Paying it forward: The annual Fashion Funds event raised $75,000 during Doyle’s first year as co-chair. Five years later, the event raised $800,000. "Considering the entire event only costs $62,000 to run, I am definitely proud of how far we have come and how much awareness we have raised."


Andy Levinson and his
Andy Levinson and his "little brother" Alfonso

Andy Levinson, 38
Executive director, PGA Tour
Ponte Vedra Beach

Andy Levinson joined Big Brothers Big Sisters as a mentor in 2005 after hearing about a co-worker’s positive experience with the organization. Levinson has developed his own approach to dealing successfully and effectively with the kids. "Understand what they’re interested in and build upon that," he says. "Simple interests like sports cars can be expanded to develop an interest in engineering, physics and even economics," he says.

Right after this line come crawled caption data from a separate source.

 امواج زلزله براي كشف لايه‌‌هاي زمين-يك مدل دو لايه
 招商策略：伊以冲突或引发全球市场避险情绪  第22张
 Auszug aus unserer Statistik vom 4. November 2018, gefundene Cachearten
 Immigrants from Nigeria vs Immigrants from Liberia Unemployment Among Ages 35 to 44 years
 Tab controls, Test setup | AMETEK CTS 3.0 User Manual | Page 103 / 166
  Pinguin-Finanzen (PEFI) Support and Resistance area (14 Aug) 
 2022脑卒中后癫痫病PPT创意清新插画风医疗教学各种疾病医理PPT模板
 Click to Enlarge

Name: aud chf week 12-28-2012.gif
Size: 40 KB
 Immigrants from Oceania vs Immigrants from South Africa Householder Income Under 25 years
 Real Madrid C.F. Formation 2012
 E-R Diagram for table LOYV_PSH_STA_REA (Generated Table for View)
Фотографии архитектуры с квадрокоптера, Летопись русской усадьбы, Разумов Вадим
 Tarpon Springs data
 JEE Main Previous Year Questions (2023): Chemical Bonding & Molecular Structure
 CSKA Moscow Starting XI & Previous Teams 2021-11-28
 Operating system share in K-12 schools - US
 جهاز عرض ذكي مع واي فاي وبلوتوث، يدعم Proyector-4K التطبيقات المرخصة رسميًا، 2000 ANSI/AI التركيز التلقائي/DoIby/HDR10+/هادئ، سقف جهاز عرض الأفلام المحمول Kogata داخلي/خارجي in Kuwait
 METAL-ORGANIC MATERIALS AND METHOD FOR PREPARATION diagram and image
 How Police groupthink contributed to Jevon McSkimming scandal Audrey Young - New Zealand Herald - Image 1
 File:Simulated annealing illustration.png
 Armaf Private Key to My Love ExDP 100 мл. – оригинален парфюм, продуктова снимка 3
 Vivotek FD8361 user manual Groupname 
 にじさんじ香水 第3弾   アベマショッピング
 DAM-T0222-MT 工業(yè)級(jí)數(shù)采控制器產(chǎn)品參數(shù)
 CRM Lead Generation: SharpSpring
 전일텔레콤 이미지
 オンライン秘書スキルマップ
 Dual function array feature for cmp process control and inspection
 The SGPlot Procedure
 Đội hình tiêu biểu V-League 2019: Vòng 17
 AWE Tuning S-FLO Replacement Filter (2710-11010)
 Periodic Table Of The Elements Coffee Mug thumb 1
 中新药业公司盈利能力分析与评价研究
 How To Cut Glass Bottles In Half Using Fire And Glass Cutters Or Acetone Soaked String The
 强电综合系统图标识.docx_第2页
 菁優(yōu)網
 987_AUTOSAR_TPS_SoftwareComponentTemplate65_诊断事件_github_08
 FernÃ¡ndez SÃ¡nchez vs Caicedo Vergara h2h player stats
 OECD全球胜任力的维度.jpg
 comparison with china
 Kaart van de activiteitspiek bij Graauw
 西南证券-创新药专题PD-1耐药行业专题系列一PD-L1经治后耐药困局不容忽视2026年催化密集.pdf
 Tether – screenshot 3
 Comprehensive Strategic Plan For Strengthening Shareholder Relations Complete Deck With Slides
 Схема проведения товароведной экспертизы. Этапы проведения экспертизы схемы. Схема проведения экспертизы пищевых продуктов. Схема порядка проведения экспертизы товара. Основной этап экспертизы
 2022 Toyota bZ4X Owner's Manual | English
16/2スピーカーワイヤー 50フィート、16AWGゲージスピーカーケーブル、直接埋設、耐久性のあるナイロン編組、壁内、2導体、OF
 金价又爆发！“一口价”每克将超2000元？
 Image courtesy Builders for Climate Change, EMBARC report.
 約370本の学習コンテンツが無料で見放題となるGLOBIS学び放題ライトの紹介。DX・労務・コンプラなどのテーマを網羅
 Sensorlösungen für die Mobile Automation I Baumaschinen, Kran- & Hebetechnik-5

Notable achievement: "Spending five years with the same little brother and watching him develop academically and personally."


Mike Busacca, 48
U.S. commercial director, Fraser Yachts
Hollywood

Mike Busacca
Mike Busacca with children [Photo: Robert Stolpe]

In 1998, Mike Busacca, who got his start in the yacht business 25 years ago building vessels, was asked to attend the Boys & Girls Club Yacht Rendezvous at Fisher Island in Miami. "It really opened my eyes to how much help and guidance they needed in order to have a great future," he says of the children. "That’s when I felt compelled to donate my time and spirit to this organization." This November, the ShowBoats International Boys & Girls Clubs Yacht Rendezvous is celebrating its 25th anniversary at Atlantis on Paradise Island in the Bahamas. Since its inception, the event has raised more than $30 million for the Boys & Girls Clubs of Broward County and has become the world’s largest gathering of yachts for a charitable purpose. When the event first started in 1988, Busacca says, there were just four clubs and 3,247 children helped; today, he says, there are 12 clubs and more than 12,000 children helped.

His motivation: "These children need guidance, and only we can give that to them. We need to keep them focused in school, teach them skills, give them the tools to succeed and make them feel they can achieve anything they want in life."